▶ _Required action_: An exact copy is needed of the lines in the entries below from the line with "To add Sustain, tap" up to and including the line with "I almost forgot", and of nothing else. Leave the pictures out.

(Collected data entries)
----

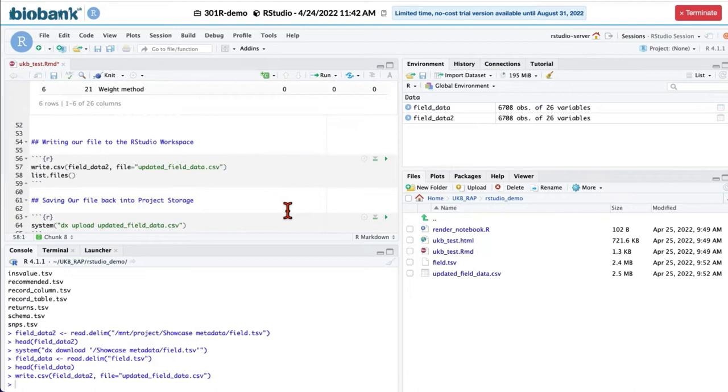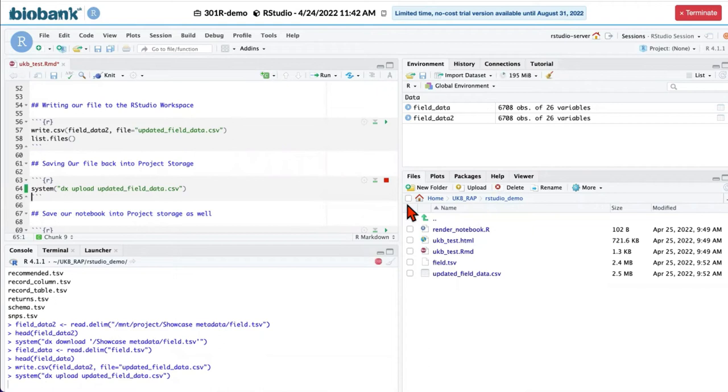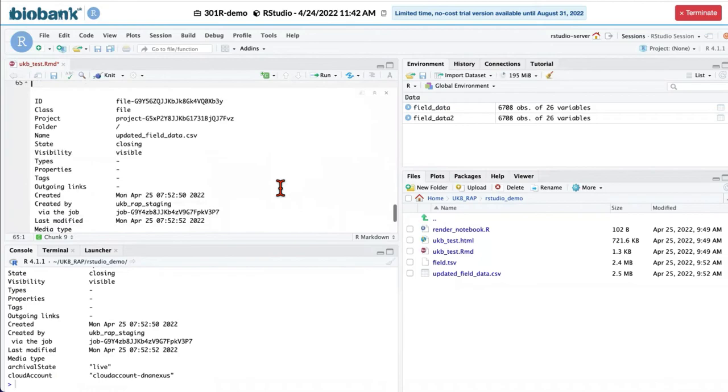For that, we will be using DX upload. And as I said before, we are using system function to wrap our command line code in R. Now our file is uploaded into the project storage.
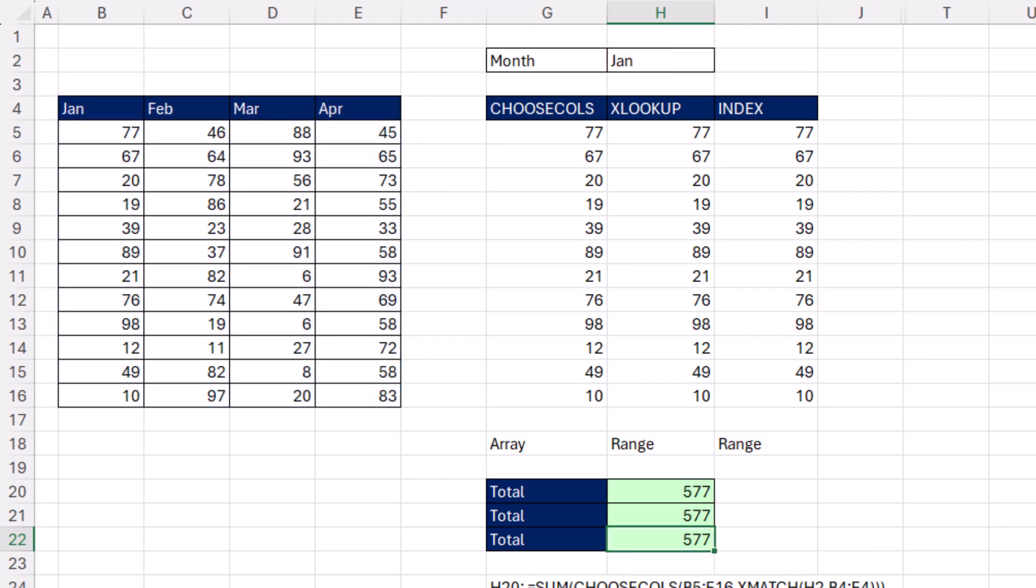Now next video, we'll see an example where we actually have to use a range, not an array. In that case, we wouldn't want to use choose columns.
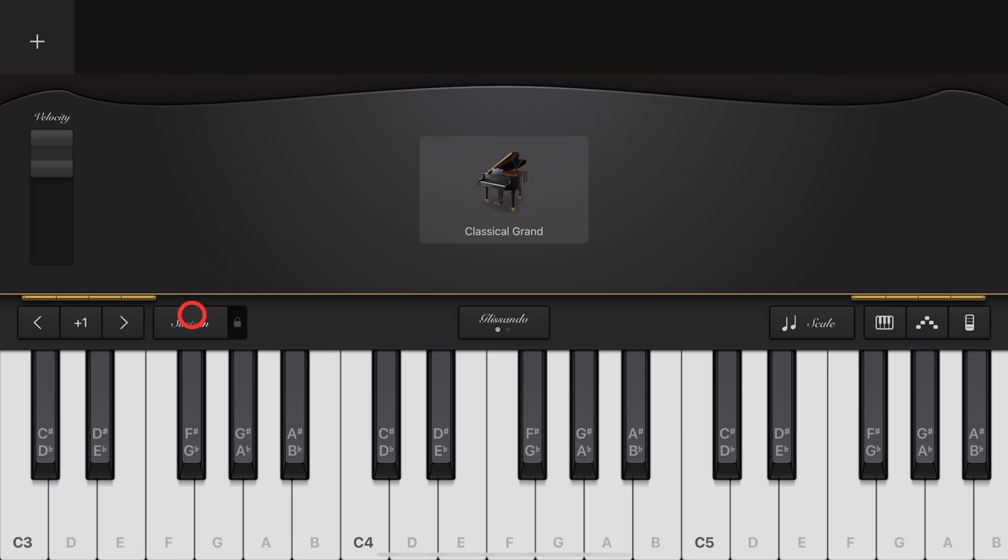To add Sustain, tap on the Sustain button and tap Notes. Or you can latch Sustain on by sliding to the right, and Sustain will stay on.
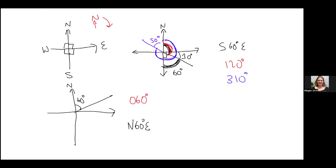What if this angle is 15 degrees? The bearing here would be 195 degrees, because you go all the way from North — a straight line is 180 — and an extra 15, giving 195 degrees.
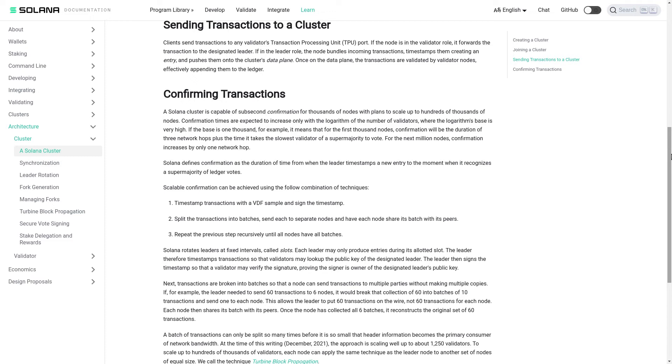For the next million nodes, confirmation increases by only one network hop. Solana defines confirmation as the duration of time from when the leader timestamps a new entry to the moment when it recognizes a supermajority of ledger votes. Scalable confirmation can be achieved using the following combination of techniques.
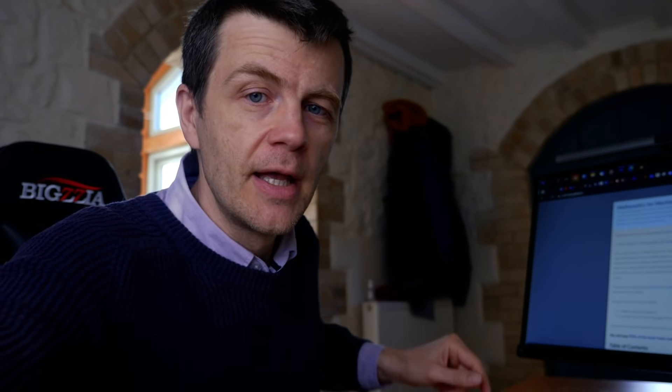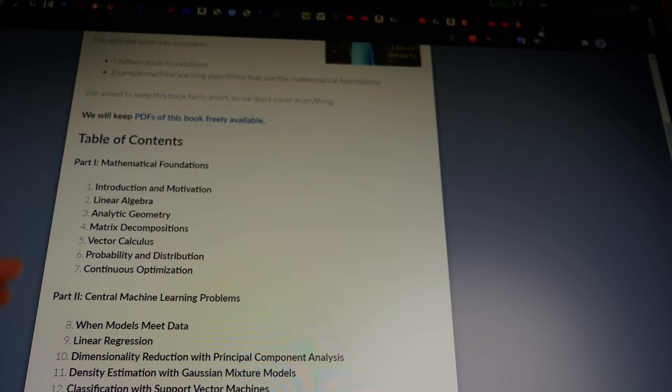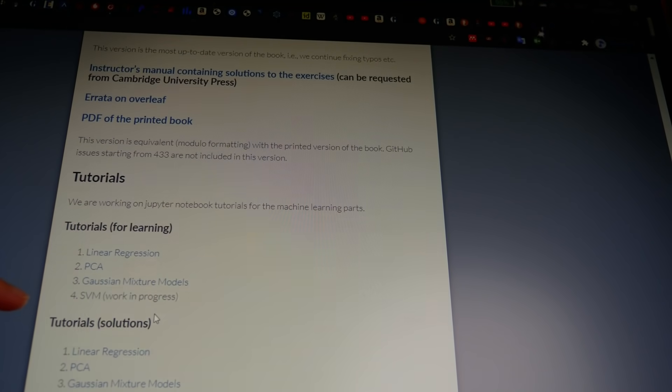I almost forgot to show you the website, so let's just take a quick look. Here it is — you can download the PDF, there's a table of contents, and then there are some tutorials which are well worth taking a look at. The link is in the description.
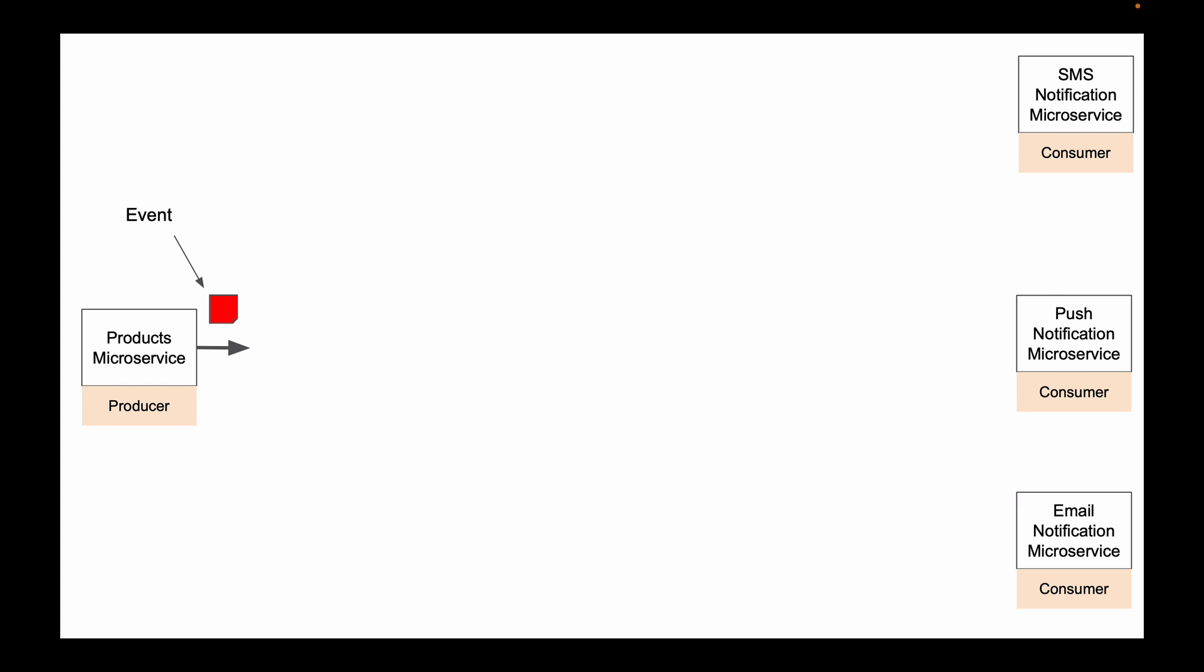Now, these consumer microservices are dynamic in nature. They can scale up and down. When load on our system increases, we can start up more instances of these microservices. And when the load on our system decreases, we can shut down extra instances.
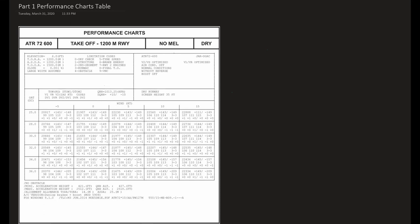This is an ATR 72-600 performance chart for a 1200 meter runway in normal dry conditions.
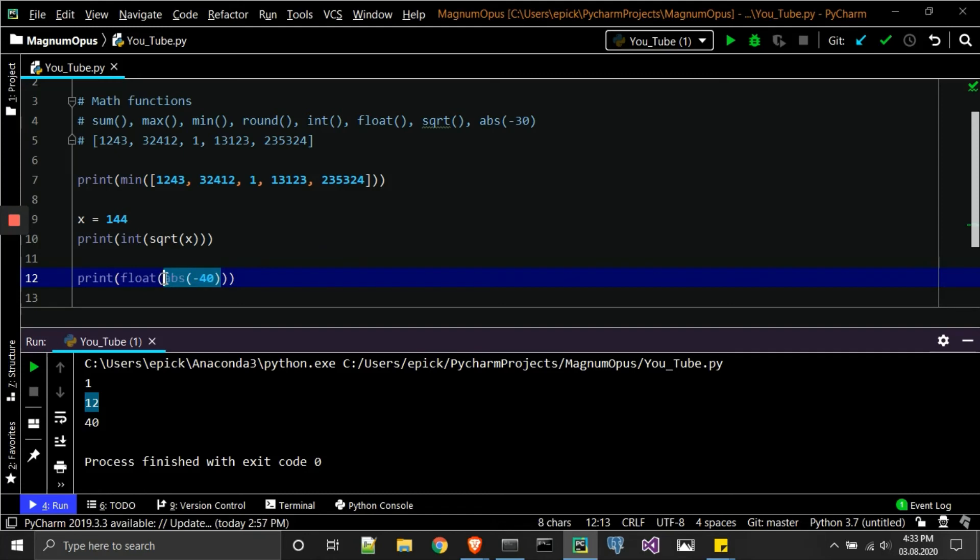And then likewise we're going to change that into a float. And for those that have kind of been following along with what I've been saying, guess what exactly is a float if you kind of haven't already thought about it? Just remember, floats are always decimals, so it'll go ahead and return 40.0.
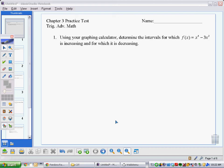This video will serve as a video answer key for our Chapter 3 practice test for FST. So let's begin.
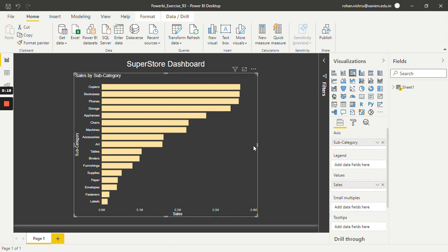Now let's say we want to find out which subcategories generate sales greater than 80% of the overall sales.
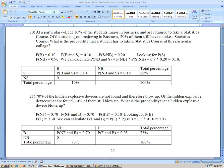On this problem it says, at a particular college, 10% of the students major in business and are required to take statistics. So, the probability of business is 10%, and also the probability of business and statistics is 10%, because all the students in business have to take statistics.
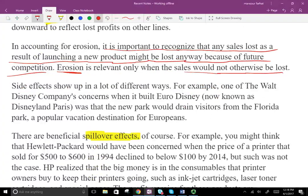Sometimes there is a spillover — let's look at another erosion example. One of Walt Disney's concerns when it built Euro Disney in Paris was that the new park would drain visitors from the Florida park. Europeans who used to come to Florida to visit Disney would no longer do so if Euro Disney existed. Therefore, Euro Disney was eroding the Florida park's sales — this is a negative side effect.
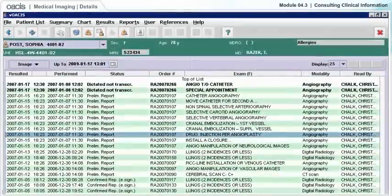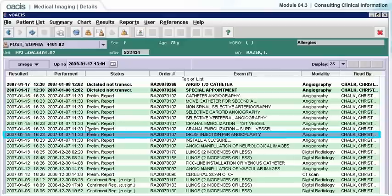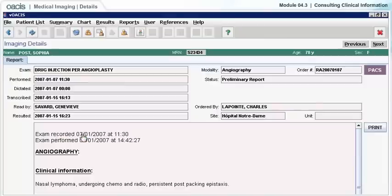Click on the highlighted test to access the report. The detail screen shows the report and some additional information, as well as a link to the PACS, a viewing application to display selected images.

----

▶ _Task solution_:
To add Sustain, tap on the Sustain button and tap Notes. Or you can latch Sustain on by sliding to the right, and Sustain will stay on.
What if this angle is 15 degrees? The bearing here would be 195 degrees, because you go all the way from North — a straight line is 180 — and an extra 15, giving 195 degrees.
For the next million nodes, confirmation increases by only one network hop. Solana defines confirmation as the duration of time from when the leader timestamps a new entry to the moment when it recognizes a supermajority of ledger votes. Scalable confirmation can be achieved using the following combination of techniques.
I almost forgot to show you the website, so let's just take a quick look. Here it is — you can download the PDF, there's a table of contents, and then there are some tutorials which are well worth taking a look at. The link is in the description.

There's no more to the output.